Top 5 mistakes Tosca beginners do and how to avoid them

14.10.2021

So you finally installed your Tricentis Tosca Commander and you are ready to automate your test cases? Try to avoid the following five traps Tosca beginners often fall into. This will keep your maintenance costs low in the long term.

So let’s start right away!

1.     Creating test cases without a structure

While you can quickly just start scanning modules and then drag and dropping them into your new test case, try to keep a structure that makes your test case readable. Chances are you will not be the only person maintaining your test case.

Best practice is to define at least three folders within the test case: Preconditions, Process and Postconditions.

Preconditions should contain any preparatory test steps for the testcase, such as loading test data or initializing buffers. The Process folder should contain only the actual workflow to be tested. And Postcondition may contain test steps that are needed to clean up after the workflow has been finished or to update the status of the test data.

a good example of a basic test case structure
Our synthetic test data creation tool TAMI creates this structure

2.     Creating big modules

The module in Tosca is the technical representation of a collection of controls from a screen.  While scanning the system under test (SUT) you will add controls in form of attributes to the module. However a website or form can have plenty of controls. If you add all of them to the module you may have difficulties finding the right control later on.

Try to find a logical separation of the existing controls into sections of the screen. For example you may have a top menu row which you can keep separately in one module.

Most of the time you may reuse modules with menu items for several screens, keeping them in one central module gives you better maintainability.

3.     Not treating your test steps maintainable

Creating test steps is easily done by dragging & dropping modules into the test case. You then fill up the test step values and you’re done, right? Not quite, it helps a lot if you also rename the created test steps using a descriptive name such as “Click on button xy”. This will help a lot to keep the test case readable and in long term more maintainable.

Extra tip: Although you can assign multiple actions in one test step, it can help to create separate test steps per action. The test case stays more readable overall and having per test step actions keeps it more flexible for future workflow changes too.

a bad example of an unreadable test case
Doesn’t really look readable, or does it?

4.     Creating test cases without a verification

So you finished the whole workflow of the test case and everything is working fine. All seems fine, since you just wanted the workflow to run correctly. Therefore you don’t need any further verification, right?

Well, no, although your workflow may run correctly, it is normally aimed at a certain goal. Say you have a web shop and want to test the checkout workflow.  While the workflow of selecting and adding things to the shopping basket may be covered and working, how can you be sure that the actual goal, adding things to the shopping basket, did work correctly? You will have to do a verification of what is eventually inside the basket.

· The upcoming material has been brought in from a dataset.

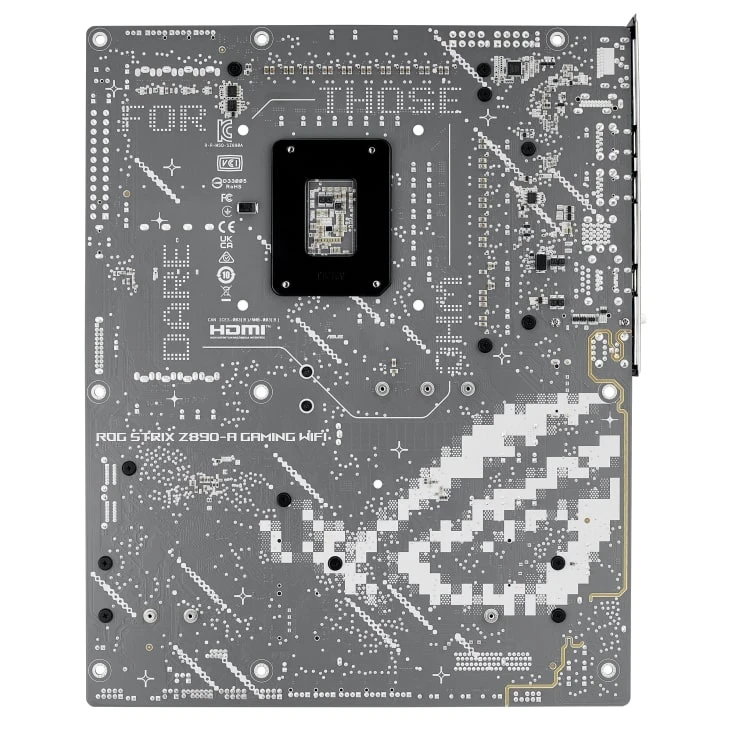 ASUS ROG STRIX Z890-A GAMING WIFI (90MB1I90-M0EAY0) (UA) - Зображення 7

All test cases should aim at a goal and this goal should be verified. Therefore implement verification test steps into your test case.

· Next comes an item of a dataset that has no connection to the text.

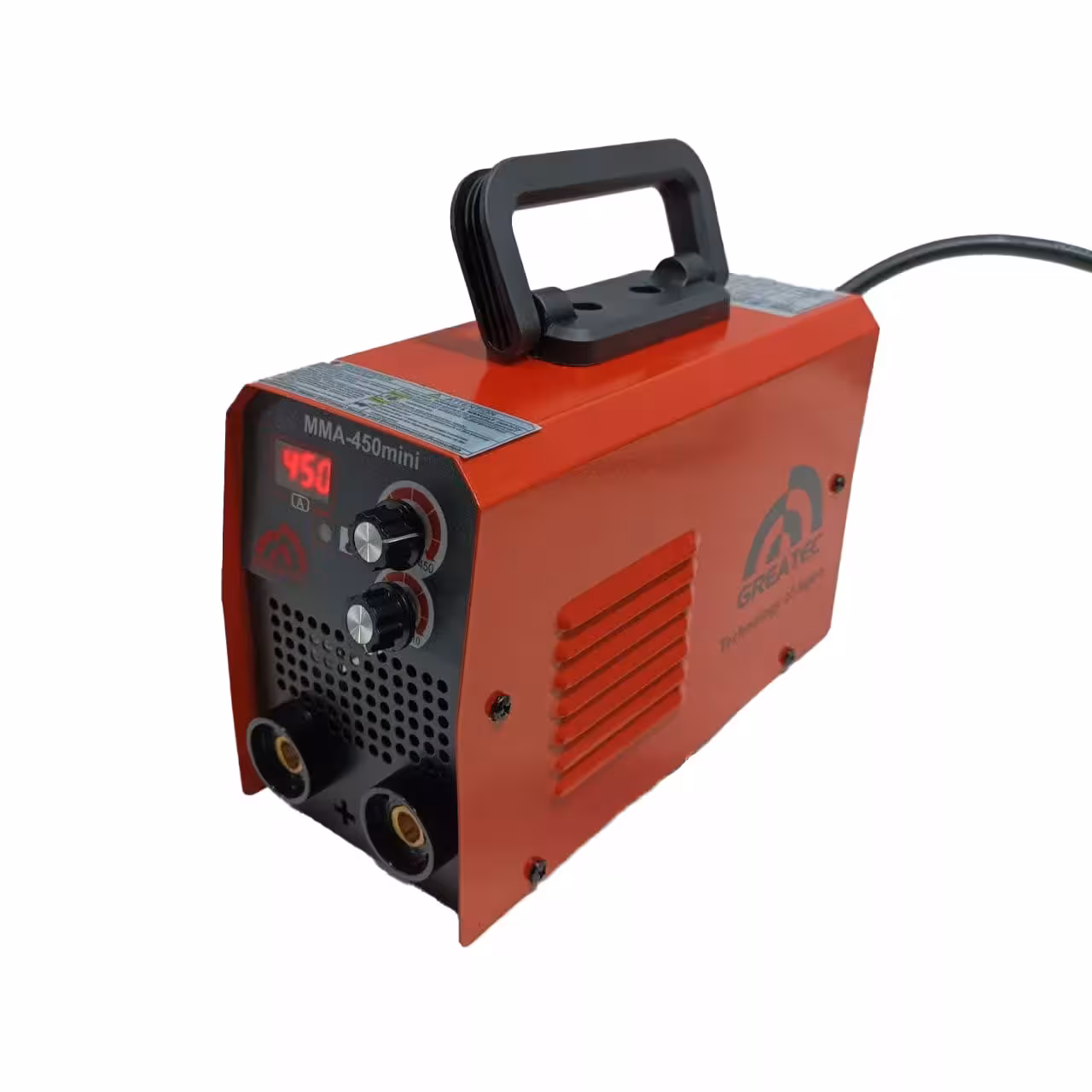 اینورتر جوشکاری 450 آمپر گریتک مدل 450—mini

5.     Over-verifying things in a test case

This is the opposite of the previous mistake. Normally you want to verify a lot of things within your application. Let’s take our web shop checkout workflow again. You want to verify that all selected positions are in the shopping basket. Furthermore the sum of the positions should be correct and certain discounts need to be verified and correctly calculated in the shopping basket.

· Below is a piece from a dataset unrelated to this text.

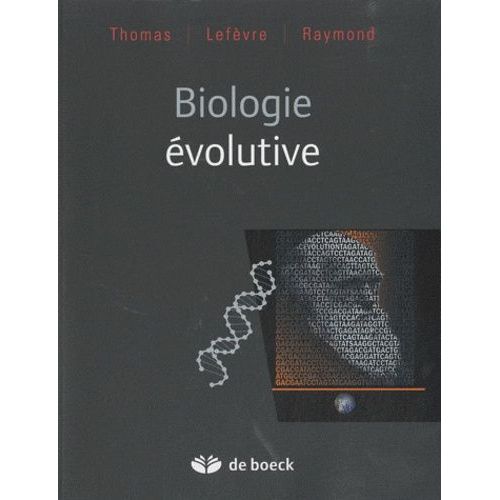 Biologie Évolutive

While it may be convenient and time–saving to verify everything in one test case, you will be having a hard time to interpret the results after a regression run. A failed verification would then just give you the information that something is not working. But since your test case covers a lot of verification points you cannot pinpoint the problem. For example: What does it mean if some verifications fail and some pass? Can you still trust the passed verifications? What does that tell you about test coverage of your application?

Creating a test case which focuses on a specific verification will tell you directly what exactly has failed without having to put much effort in analysing the test run. This is something you can manage with test case design in Tosca.
However this is just a rule of thumb. Creating more test cases impacts your overall test execution speed, which may also be of great concern. As usual you may need to find a middle ground.

a verification test step
Add verification test steps but keep it to a healthy amount

Conclusion

In this article we covered the importance of structure and naming in your test case, looked at module creation and what belongs into a test case.e

The 5 mistakes Tosca beginners do that are described here can be easily avoided and will let you create test cases that are much easier to maintain.